Achieving sustainable stormwater management
This comparative study examines the use of scale (municipal versus watershed) and integration (municipal public property only versus public and private property) to achieve optimal SWM performance at the greatest cost-efficiency. The study is testing the hypothesis that improved environmental outcomes can be realized at lower capital and operating costs via a watershed-based approach to SWM that includes siting centralized and distributed green and grey infrastructure on both publicly-owned and privately-owned properties.
LSRCA selected the East Holland River watershed as the study area for the project. This watershed includes a mix of urban and rural land use, is undergoing growth and intensification, and falls within multiple municipal boundaries, making it an ideal test case.
The project team first developed a continuous simulation model called LSPC and calibrated it to represent current hydrology and water quality conditions within the East Holland River watershed. This current state model was then linked to SUSTAIN (System for Urban Stormwater Treatment and Analysis), a future state model developed by the U.S. EPA.
SUSTAIN is a process-based decision model that continuously simulates thousands of stormwater management scenarios to generate cost-benefit curves, with benefits including reduction in phosphorus loads and water quantity. Ensuring accurate life-cycle costs for the SWM features is a critical aspect of the project, necessitating the update to the LCCT described above.
“We’re developing a pilot LSPC-SUSTAIN model that will help municipalities within the East Holland River sub-watershed adopt a cross-jurisdictional approach to stormwater management,” said Ben Longstaff, general manager at LSRCA.

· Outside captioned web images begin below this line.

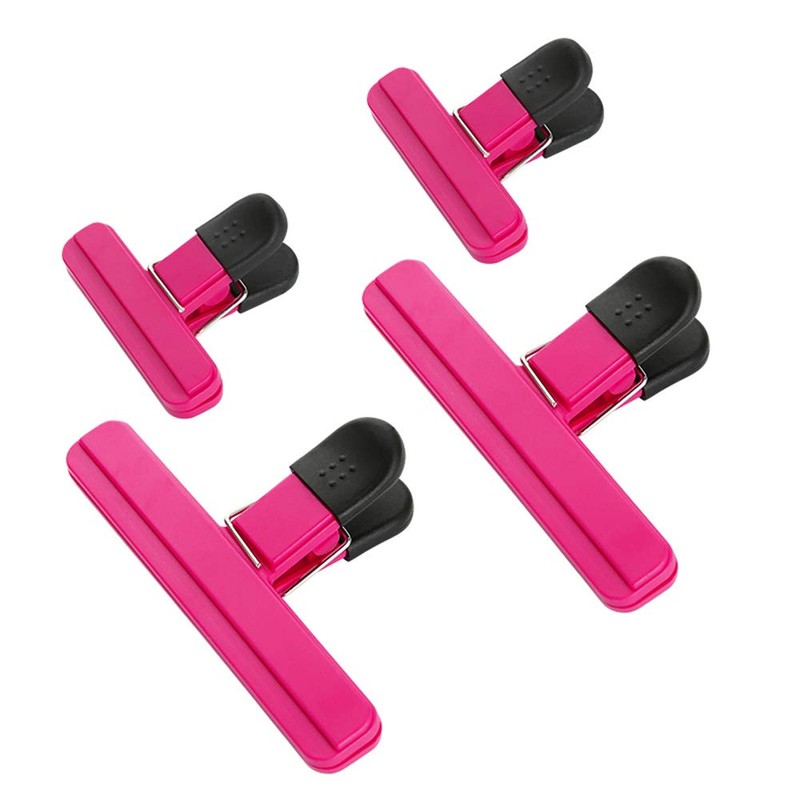 ZJW 12 Plastic Sealing Clips Food Clips Sealing Clips Packaging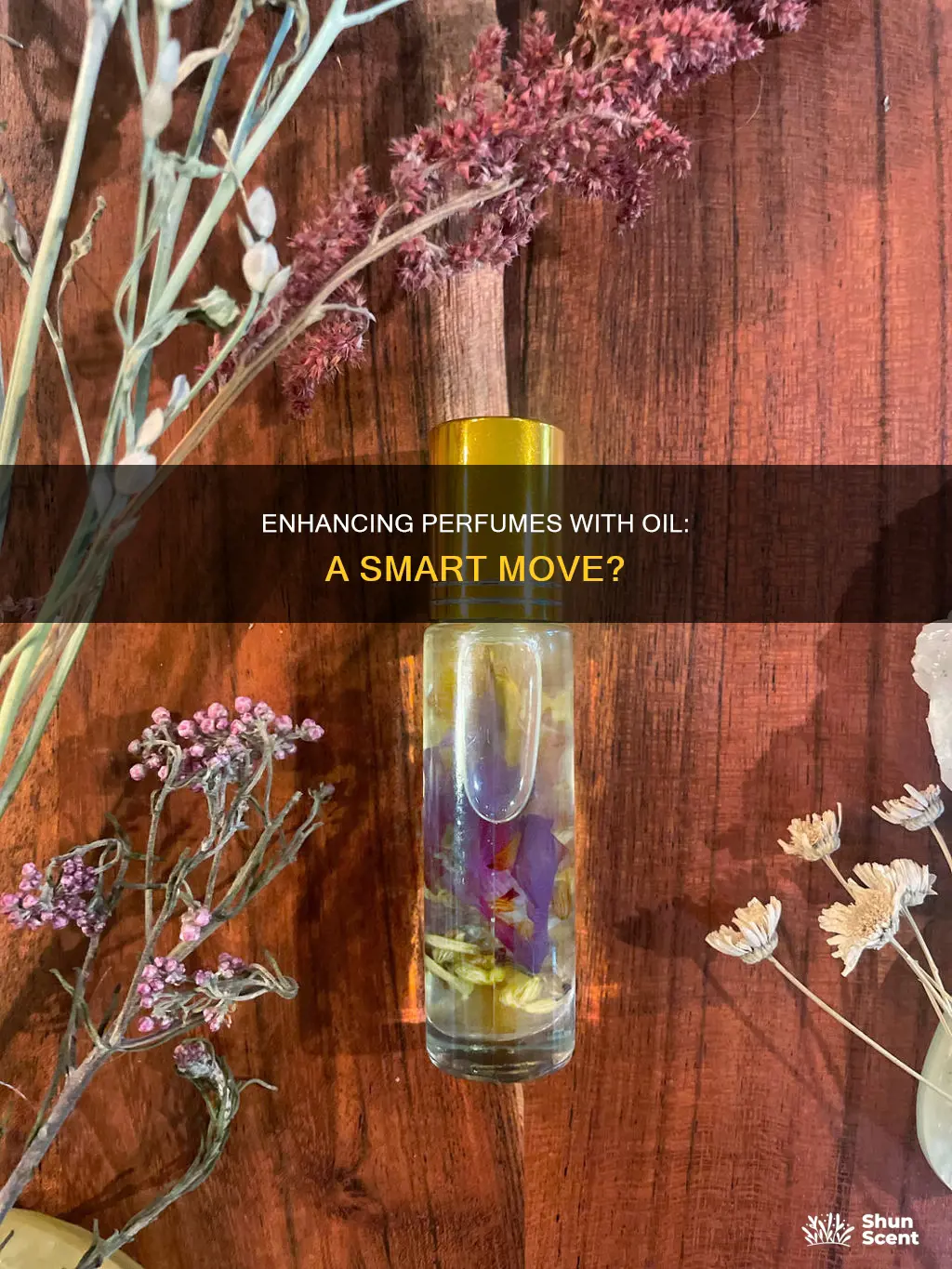 can you add oil to perfume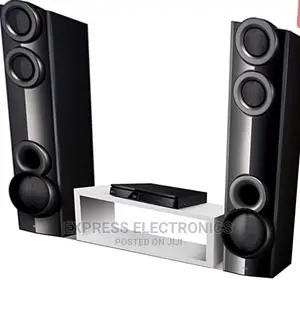 LG Lhd667t DVD Home Theater System (600 Watts)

“LSPC-SUSTAIN looks for spatial configurations of LID practices and other stormwater measures which provide the most stormwater quantity control and quality treatment per dollar,” added Longstaff. “We are fostering next steps for municipalities to use this tool for developing equitable cost-sharing and payment for ecological service arrangements agreements to rehabilitate their shared watersheds.”
Existing SWM practices will serve as the Baseline Condition. Potential new, retrofit, and re-purposing SWM approaches will provide Optimization Options under multiple scenarios (e.g., growth, climate change, uptake rates, etc.). Optimization options include LID, natural assets (wetlands, forests, open fields, etc.), and conventional grey infrastructure on both public and private lands.
The project also calibrates the SUSTAIN models with previously established risk management flood models (developed in HYMO and HEC RAS) to provide reasonable flood-damage curve estimations. The results can be used to calculate the cost-benefit for flood risk reduction. The project team is also working toward methods for gauging the co-benefits of LID implementation, for example air quality improvements and urban heat island reduction.
Stormwater management planning needs a shakeup to avoid the outcomes we can expect with a business-as-usual approach: increasing vulnerability to flooding and continued degradation of our waterways. These two STEP projects have the potential to be transformative.